ODJ: In the Moment

April 10, 2018 

READ: Luke 24:13-53 

They worshipped him and then returned to Jerusalem filled with great joy (v.52).

As an educator, each spring I feel the promise of the summer holidays beckoning me. I appreciate the respite from the usual demand to complete projects, mark papers and participate in countless meetings. With more opportunities for quiet, summertime reminds me how often busyness can tempt me to see each commitment as merely a task to be checked off a list. Choosing to instead be present in the moment allows me to savour uncomplicated joy.

Time certainly marches on. And the simple truth of these words reminds us that life has seasons (Ecclesiastes 3:1). Interestingly, it seems typical of human nature to focus on the painful events of life instead of fully celebrating the joy of the moment. How often do we keep moments of joy at arm’s length, as if we’re holding our breath waiting for them to end?

From the road to Emmaus (Luke 24:13-32) to a quiet room in Jerusalem (v.33) to the moment of Christ’s ascension (vv.50-52), Jesus’ followers must have experienced a myriad of emotions.
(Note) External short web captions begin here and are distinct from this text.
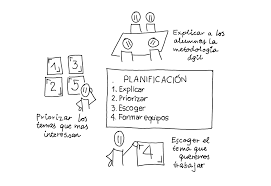 Guia de aprendizaje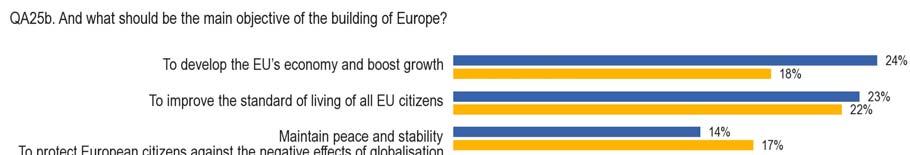 There is now a broad consensus within the European Union on the main perceived objective of the EU.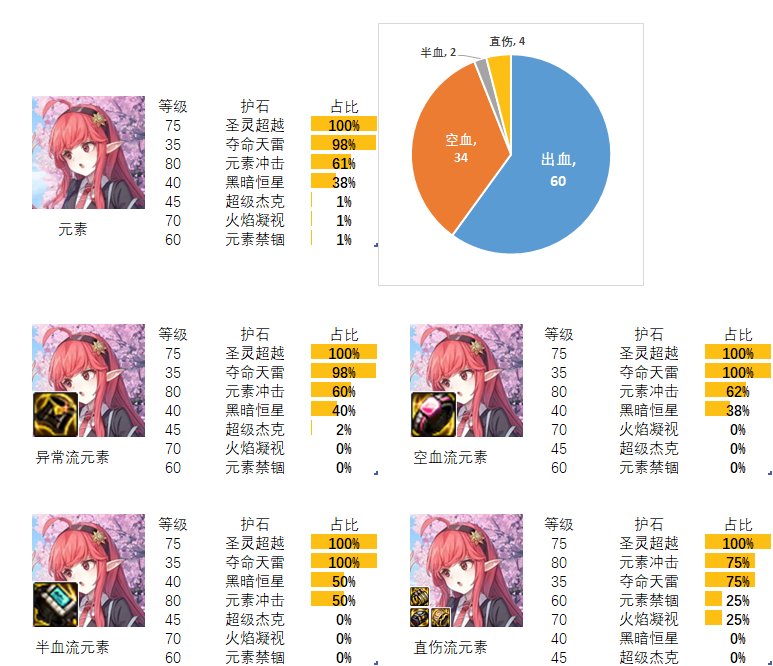 【流派及护石】看看排行榜前百玩家的选择（魔法师篇）6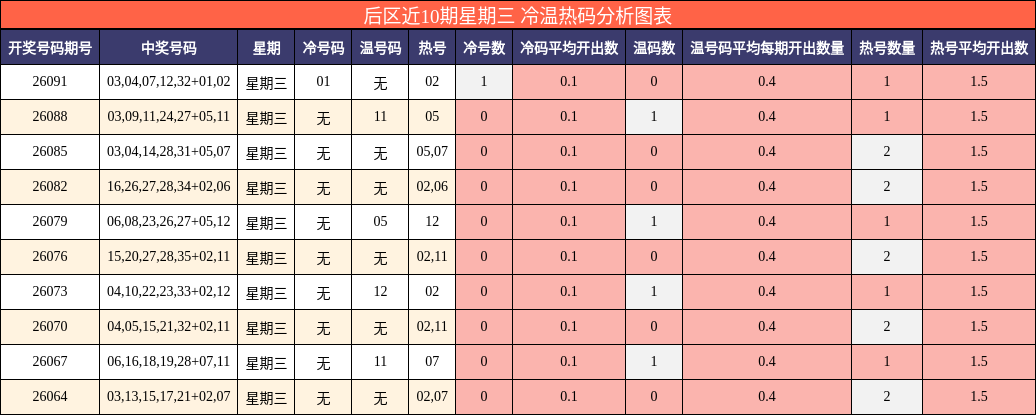 后区近10期星期三 冷温热码分析图表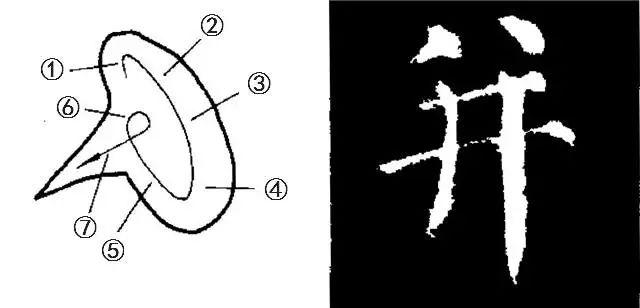 颜勤礼碑》技法要领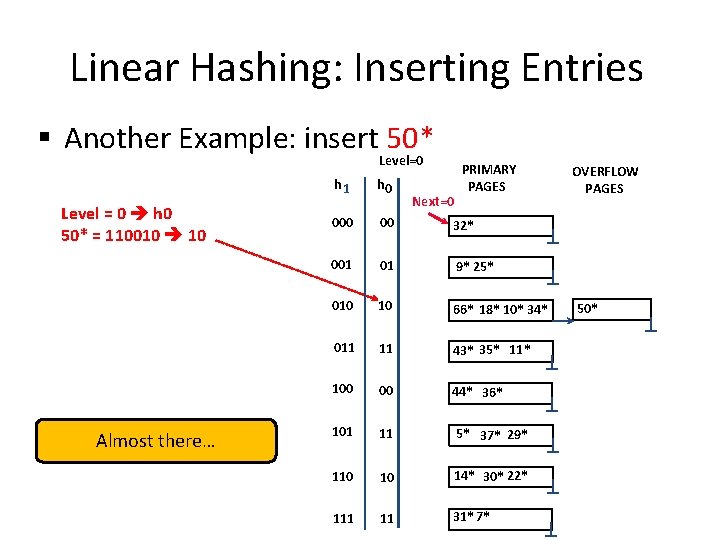 Linear Hashing: Inserting Entries § Another Example: insert 50* Level=0 Level = 0 h Linear Hashing: Inserting Entries § Another Example: insert 50* Level=0 Level = 0 h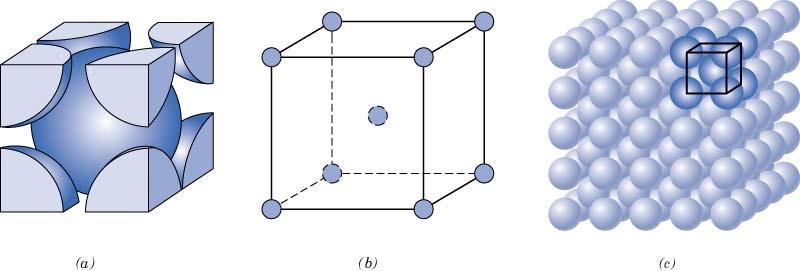 Body-centered cubic (BCC) crystal structure : 원자가입방체의꼭지점과입방체의중심에위치 Hard sphere unit cell Reduced-sphere unit cell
For two disciples travelling after Jesus’ death, loss dominated their perspective; even the rumours of His victorious resurrection seemed a false hope soon to be disproven (vv.17-24).

But as Jesus began to share a meal with them, “suddenly their eyes were opened” and they recognised Him (v.31). And perhaps at the same time they finally understood that pain and suffering will come, but above and beyond the time frame of this earth, God’s perfect plan of salvation continues to unfold (vv.25-27).

Resilient joy comes as we experience through the Spirit God’s comforting presence. Instead of living in fear of loss, may we choose in every moment to savour each new encounter with His goodness.

—Regina Franklin

365-day plan: 2 Samuel 18:1-18

Read John 16:16-24 and consider why Jesus said the disciples would experience “wonderful joy”. 
What joyful thing in your life might the Spirit be compelling you to savour without fear of loss? How can an absence of joy in your life reveal a misguided source of hope?